Aux termes de l’art. 11 al. 4 du règlement d’application de la loi sur les constructions et les installations diverses du 27 février 1978 (RCI – L 5 05.01), les demandes d’autorisation de construire devaient être datées et signées par le propriétaire, le requérant et l’éventuel mandataire, ce qui était le cas en l’espèce. Rien n’imposait que la requête soit signée par l’exploitant. De plus, les conditions fixées dans l’autorisation de construire étaient liées à l’objet en tant que tel. Pour mettre en œuvre l’autorisation délivrée, les conditions devaient être respectées quel que soit l’exploitant de l’antenne projetée.

S’agissant de la prétendue violation du principe de précaution, le SABRA, instance spécialisée, avait examiné la fiche de données spécifique au site, comme cela ressortait de son préavis. Il s’était prononcé favorablement sous conditions. La VLInst était respectée. L’autorisation de construire était assortie de l’obligation d’effectuer des mesures de contrôle car les émissions étaient supérieures à 80%. Selon la jurisprudence, les VLInst n’étaient pas directement liées à des dangers avérés pour la santé mais avaient été fixés en fonction de la faisabilité technique et opérationnelle ainsi que de la viabilité économique afin de minimiser le risque d’effets nocifs dont certains n’étaient que soupçonnés et non encore prévisibles. Le Conseil fédéral avait créé une marge de sécurité par rapport aux dangers avérés pour la santé. Ainsi, les valeurs fixées dans l’ORNI étaient adaptées à la protection de l’être humain. L’installation était conforme à l’ORNI et au RPNI. Par ailleurs, l’opérateur devait intégrer les antennes dans son système d’assurance qualité (ci-après : système AQ). Aucune violation du principe de précaution ne pouvait lui être reproché.

12.         Dans ses observations du 30 août 2023, la SA a conclu au rejet du recours, sous suite de frais et dépens.

La demande de permis de construire avait été signée avec les pouvoirs nécessaires et était donc valable. Elle avait mené la procédure en qualité de représentante de F______, ce qui était tout à fait admissible.

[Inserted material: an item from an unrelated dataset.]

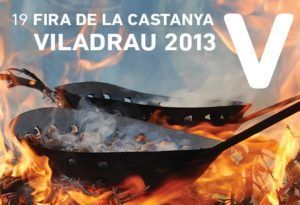 Cartell Fira de la Castanya Viladrau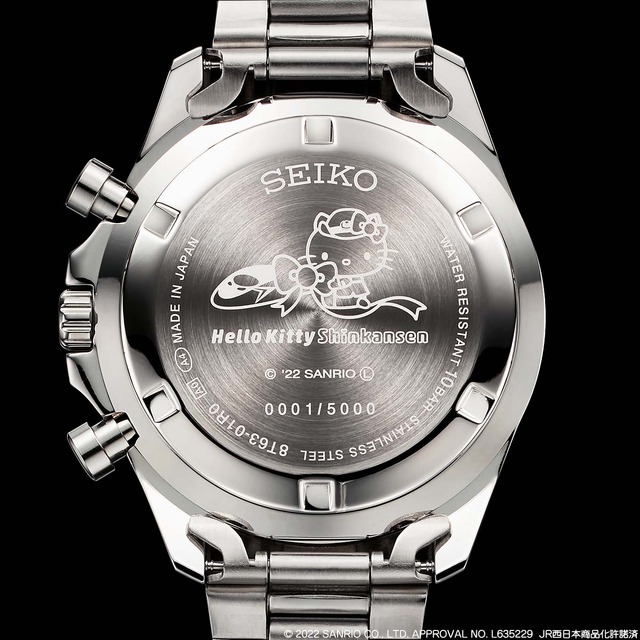 サンリオ」“ハローキティ新幹線”をイメージ♪ インデックスのリボンが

Le principe de précaution n’avait pas été violé. Les antennes de téléphonie mobile qui respectaient les VLInst de l’ORNI n’avaient pas d’effets négatifs sur la santé puisque les valeurs limites tenaient compte du principe de précaution. Un durcissement de celles-ci incomberait au législateur ou à l’auteur de l’ordonnance. Il y avait lieu de partir du principe que les groupes de travail mis en place par les autorités fédérales s’acquittaient correctement de leur tâche. L’état de la science et l’expérience constituent la base des valeurs fixées dans l’ORNI. S’il était nécessaire d’agir, il était devoir de BERENIS et en particulier de l’Office fédéral de l'environnement (ci-après : OFEV) d’attirer l’attention du Conseil fédéral pour adapter l’ORNI. Au contraire, le Tribunal fédéral avait jugé qu’une adaptation des valeurs limites sur la base d’études ne répondant pas aux normes scientifiques n’entrait pas en ligne de compte (arrêt du Tribunal fédéral 1C_100/2021 du 14  février 2023). Dans cet arrêt, il avait relevé que BERENIS n’avait pas pu trouver de résultats scientifiques cohérents selon lesquels le rayonnement non ionisant provoquerait des dommages à la santé. Contrairement à l’affirmation de la recourante, le Tribunal fédéral n’avait pas émis de doute concernant la protection de la santé. Enfin, contrairement à ce qu’il ressortait du rapport de l’université de Neuchâtel, la téléphonie mobile ne nuisait pas aux insectes. Il n’existait en effet pas de danger concret pour les animaux et les plantes dû au rayonnement non ionisant des antennes de téléphonie mobile, attesté par des études scientifiques (arrêt du Tribunal fédéral 1C_375/2020 du 5 mai 2021).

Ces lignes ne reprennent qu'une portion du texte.